Weekly Snapshot
March 11, 2011
The Weekly Snapshot is a look back at some of the most compelling stories in the world of urban planning and policy

Largest Mall in the World is a Chinese Ghost Town
The world's largest mall, located in Southern China, is a vast ghost land with occupancy rates that hover at 1%. The mall, built to serve what may someday become a Chinese mega-city, is a glimpse at what can occur when development precedes growth.

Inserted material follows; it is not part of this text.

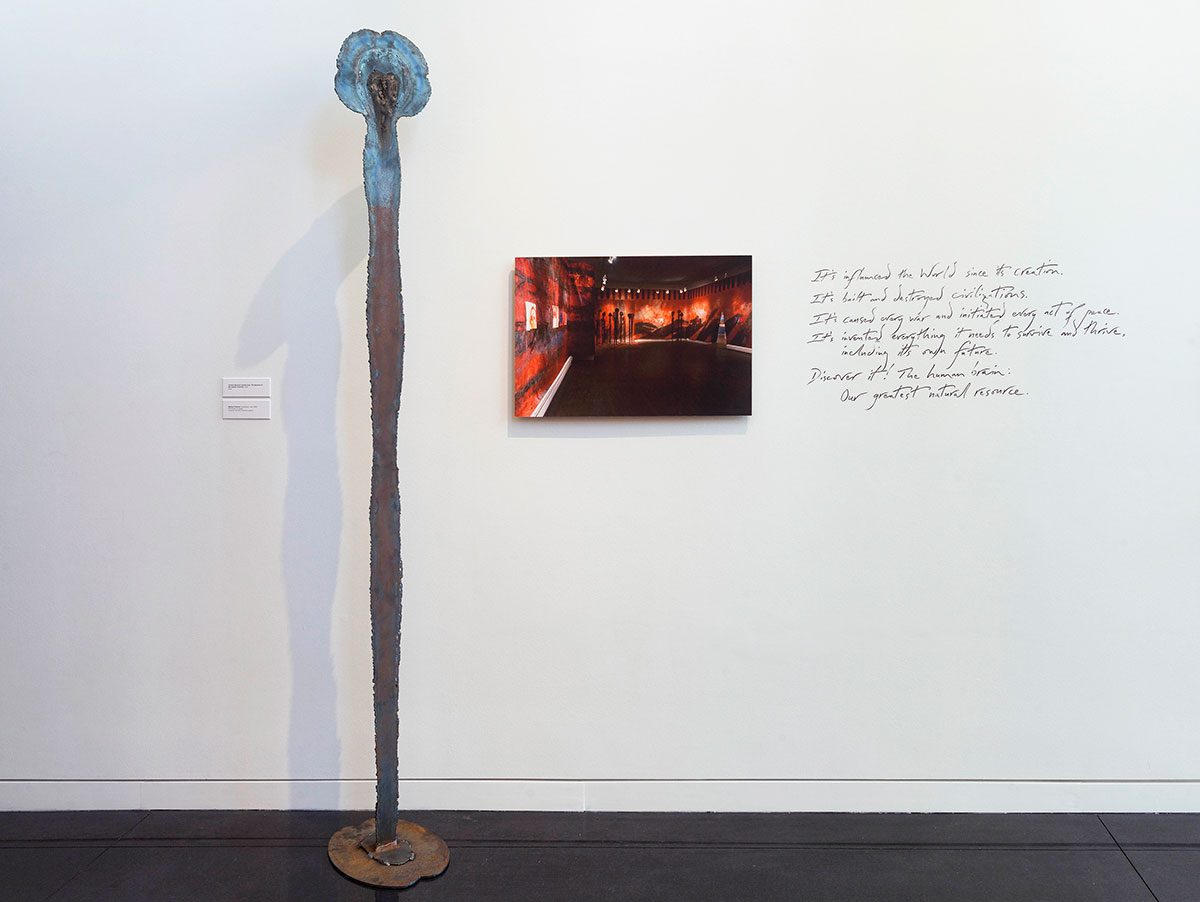 A wooden pole and a painting on the wall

A Place-Based Approach to Food Access: Creating a Healthier Future for Birmingham
Birmingham, Alabama, the country's second most obese city, is creating a new system of outdoor markets to increase resident's accessibility to fresh, healthy food as well as to create vibrant neighborhood hubs in a city where public space is lacking.

Greenest Homes Are Those Near Public Transportation
A new study by the Environmental Protection Agency finds that homes located near public transportation use less energy than homes specifically designed to be "energy efficient," such as ones with Energy Star ratings.

Volunteers Dream Up Ways to Change Menlo Park Neighborhood as Facebook Prepares to Move In
In preparation for its corporate relocation to Menlo Park, Facebook hosted a one-day design charrette with more than 150 architects, planners and community members in order to spark a dialogue on how to turn the neighborhood into a vibrant business and residential area.

Bay Area's Growth Slowed to a Crawl, Census Finds
According to the 2010 Census, the San Francisco Bay Area saw the slowest rate of growth in its history last decade. Some worry that the slowing growth rate will contribute to a loss of political power for the region as congressional boundaries are redrawn.